(Records for processing)
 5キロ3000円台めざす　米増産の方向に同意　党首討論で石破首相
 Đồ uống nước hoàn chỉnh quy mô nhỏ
(End Records for processing)
(Records for processing)
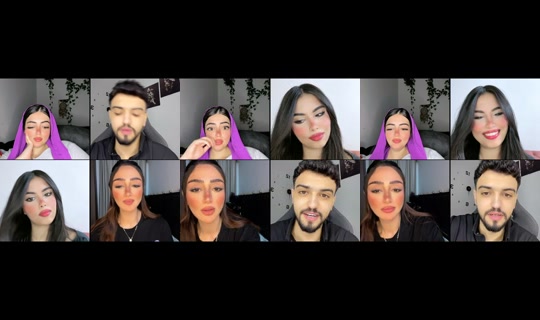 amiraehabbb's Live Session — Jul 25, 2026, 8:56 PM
(End Records for processing)
● **Problem statement**
When you reach the line holding "5キロ3000円台めざす　米増産の方向に同意　党首討論で石破首相" in the records above, begin reproducing exactly, stop after the line holding "Đồ uống nước hoàn chỉnh quy mô nhỏ", and output nothing else.

● **Your response**
 5キロ3000円台めざす　米増産の方向に同意　党首討論で石破首相
 Đồ uống nước hoàn chỉnh quy mô nhỏ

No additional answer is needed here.